Catherine Shuttleworth
May 31, 2024
ZMG - Amaze Lab / VideoElephant
It's been revealed that Jupiter's fourth-largest moon, Europa, has been hiding something beneath its icy crust after NASA's Juno spacecraft captured an image of a salty ocean.
Europa is closer to a planet than a moon, it has a magnetic filed, a tenuous oxygen atmosphere and a liquid iron core. Its icy crust is 11 miles (18 km) thick with an ocean beneath it, and now, thanks to Juno, it appears that salty ocean can bubble up through the ice.

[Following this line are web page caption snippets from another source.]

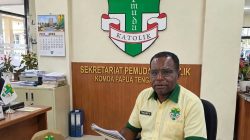 Pemuda Katolik Apresiasi Gubernur Meki Nawipa Kunjungi Delapan Kabupaten di Papua Tengah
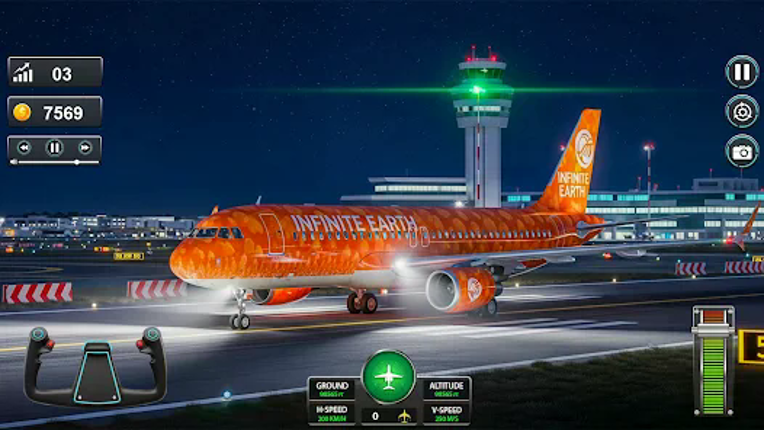 Sky Pilot 3D : Airplane Game screenshot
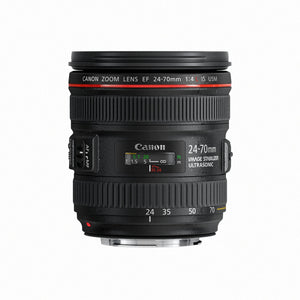 Canon EF 24-70mm f/4.0L IS USM Standard Zoom Lens - Used Canon
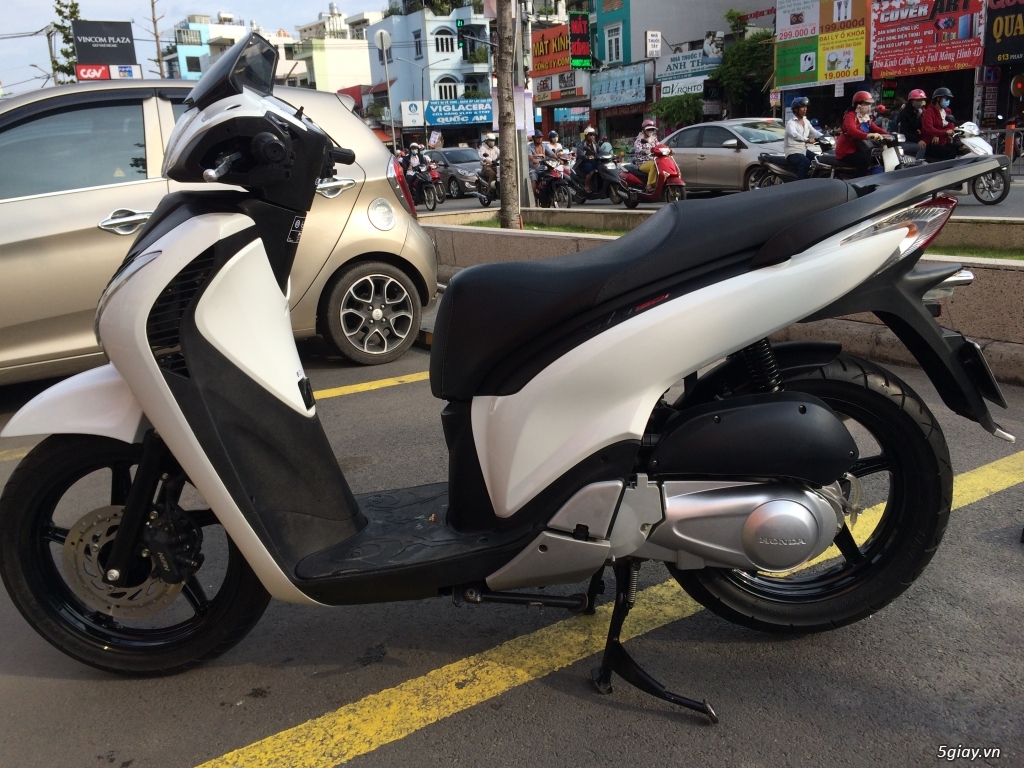 Sh150i mẫu Ý đăng ký 2011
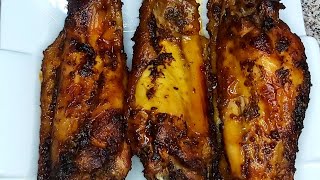 How to make perfect grilled Turkey wings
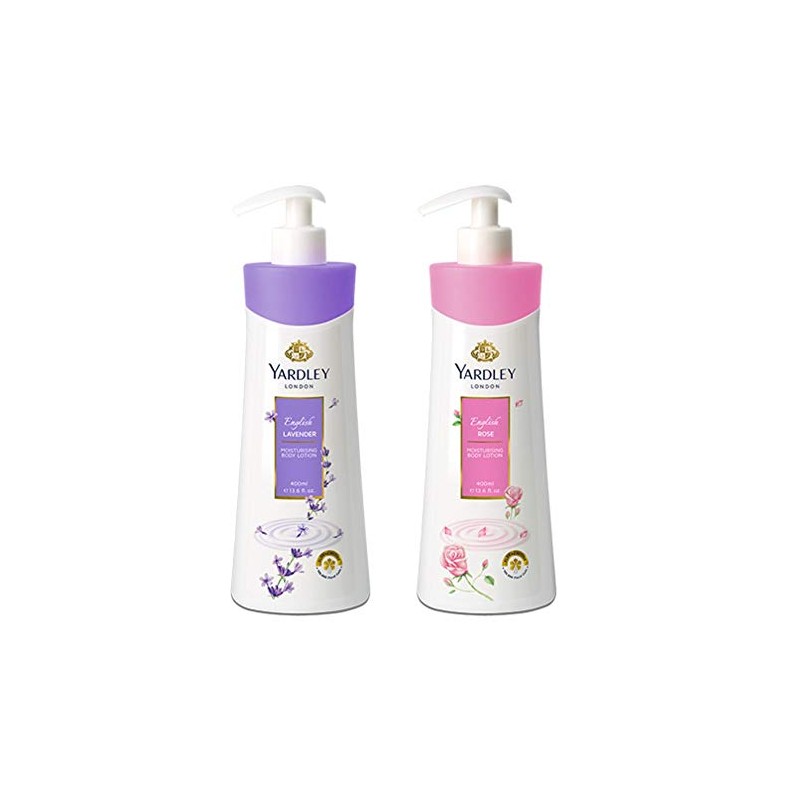 Yardley Londres - Loción Corporal Y De Manos Con Rosa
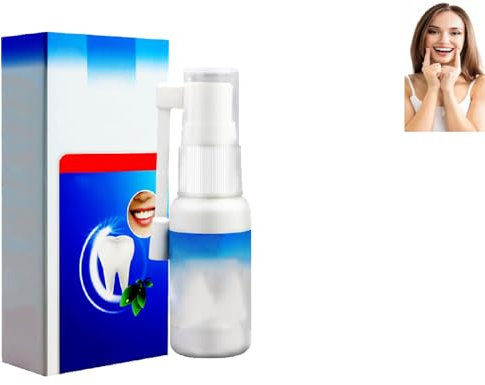 Spray Gegen Mundgeschwüre,Mund Beruhigendes Spray,Mundgeschwür-Spray,Mundspray zur symptomatischen Linderung von Zahnfleischschmerzen,Spray zur Linderung von Mundschmerzen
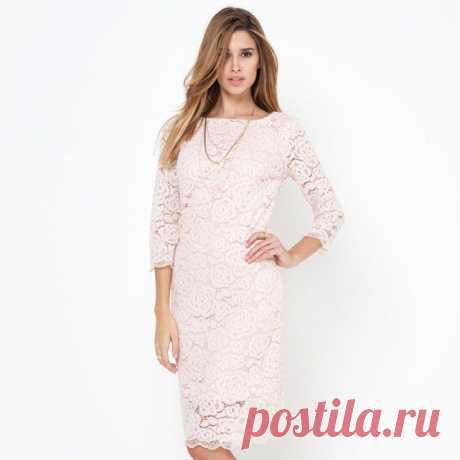 Платье кружевное R Edition Shopping Prix | La Redoute
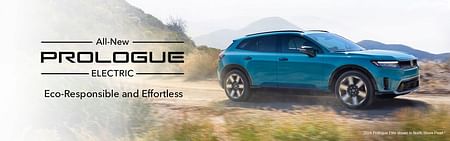 All-New Prologue Electric Eco-Responsible and Effortless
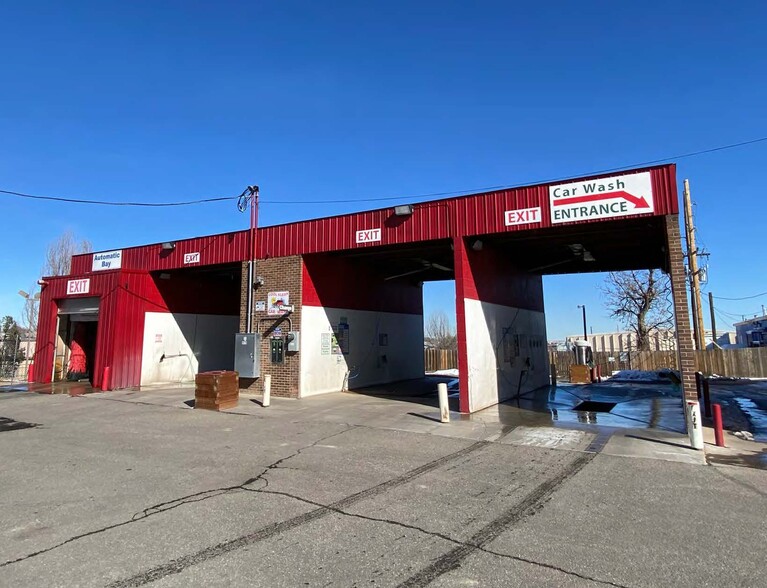 Primary Photo Of 9370 Federal Blvd, Westminster Carwash For Sale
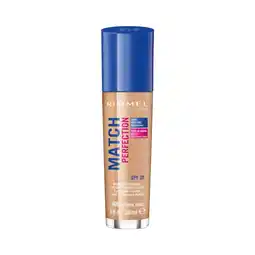 Etos Rimmel London Match Perfection Foundation 400 Natural Beige aanbieding
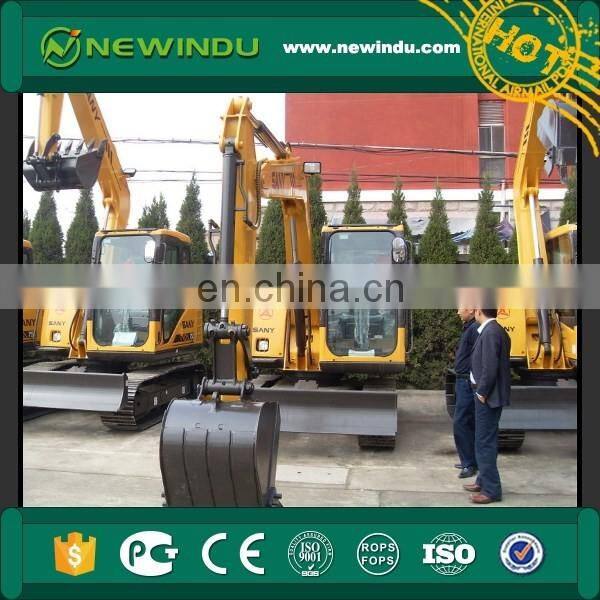 SANY 21.5 ton china crawler Excavator SY215C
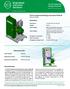 ECS Pre-Engineered Nitrogen Generator. ECS Pre-Engineered Nitrogen Generator PGEN-20 (Patent Pending) Specifications. circuit) for the 2 hp compressor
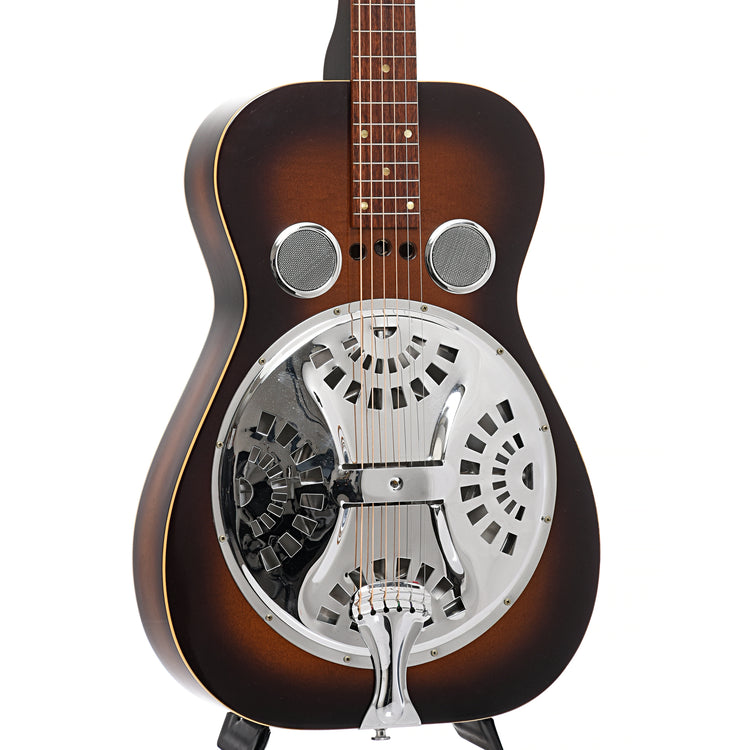 Front and side of Dobro 60DS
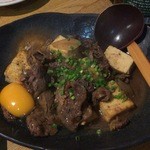 むとう - 牛肉豆腐煮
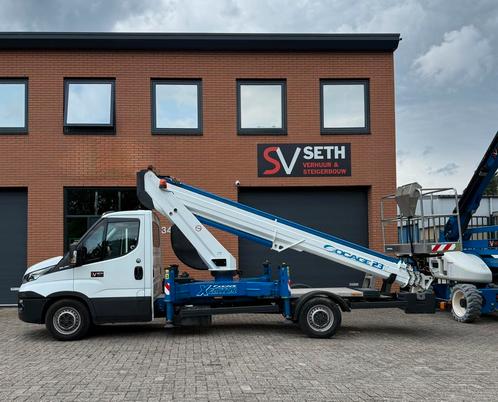 Autohoogwerker 23M Huren? Dordrecht - Rotterdam, Zakelijke goederen, Machines en Bouw | Liften, Steigers en Ladders, Ophalen of Verzenden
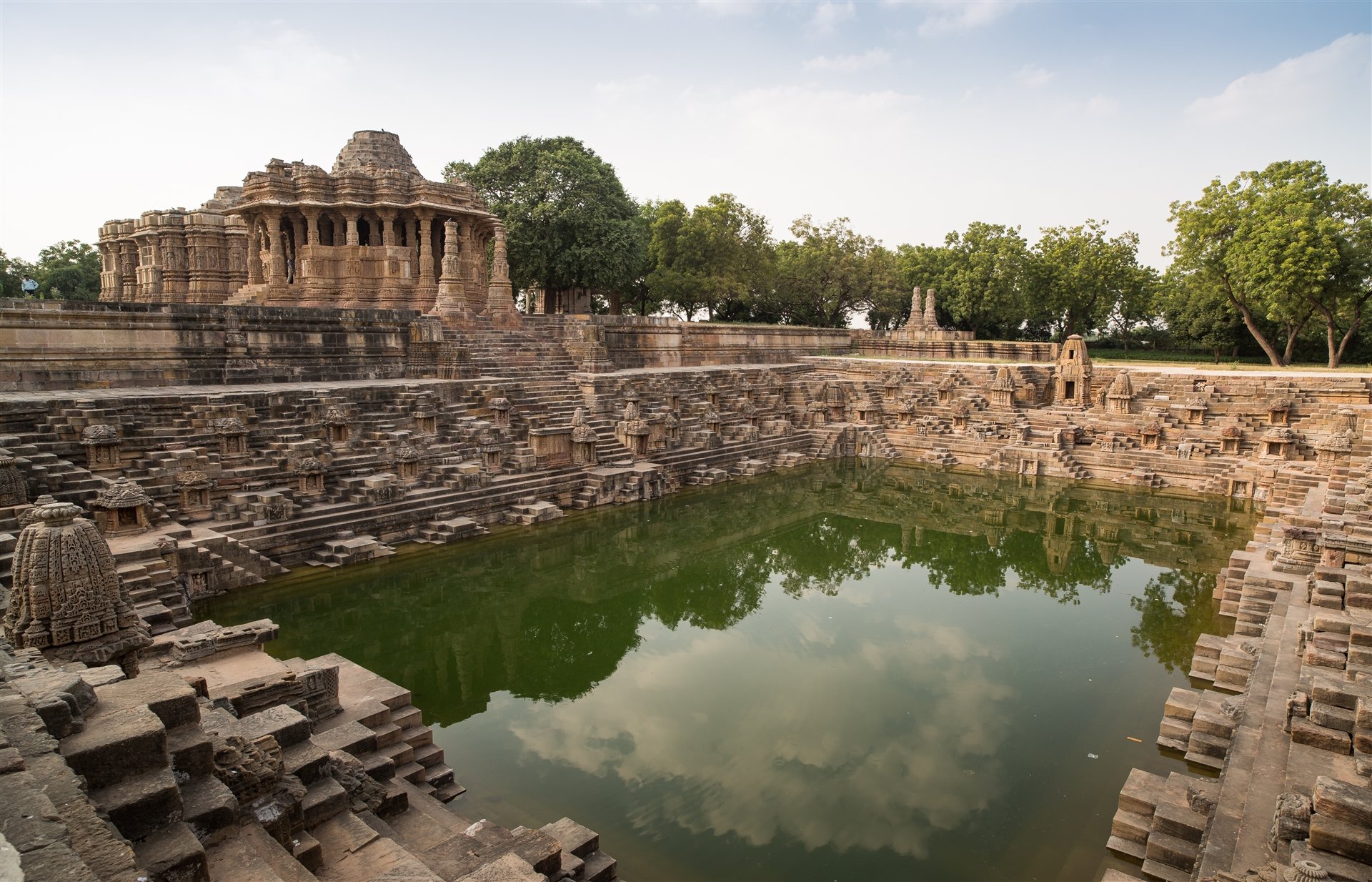 Surya Kund in Modhera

The image captured by Juno was the first high-resolution image of Europa since NASA's Galileo spacecraft passed by in 2000. The images show that the icy crusts at the north and south poles of the moon are not what researchers once thought. Now, it seems that Europa's icy shell is free-floating, moving about the moon.
NASA/Creative Commons
The terrain of Europa shows a featured nicknamed "the Platypus" and contains hummocks, ridges, ice blocks and dark reddish-brown material. Scientists now suspect this is where Europa's ice shell allows pockets of saltwater from the moon's subterranean ocean to pool.
31 miles (50km) above "the Platypus" we can see possible stains, which are thought to be deposits from plumes of saltwater rising up to the surface from Europa's ocean.
Juno's mission ends in 2025, however two more missions are bound for Europa. Later this year, NASA's Europa Clipper will launch and arrive in 2030. The European Space Agency's Juice (Jupiter Icy Moons Explorer) which launched last year, will arrive in 2031 and tour three of Jupiter's moons: Ganymede, Callisto and Europa.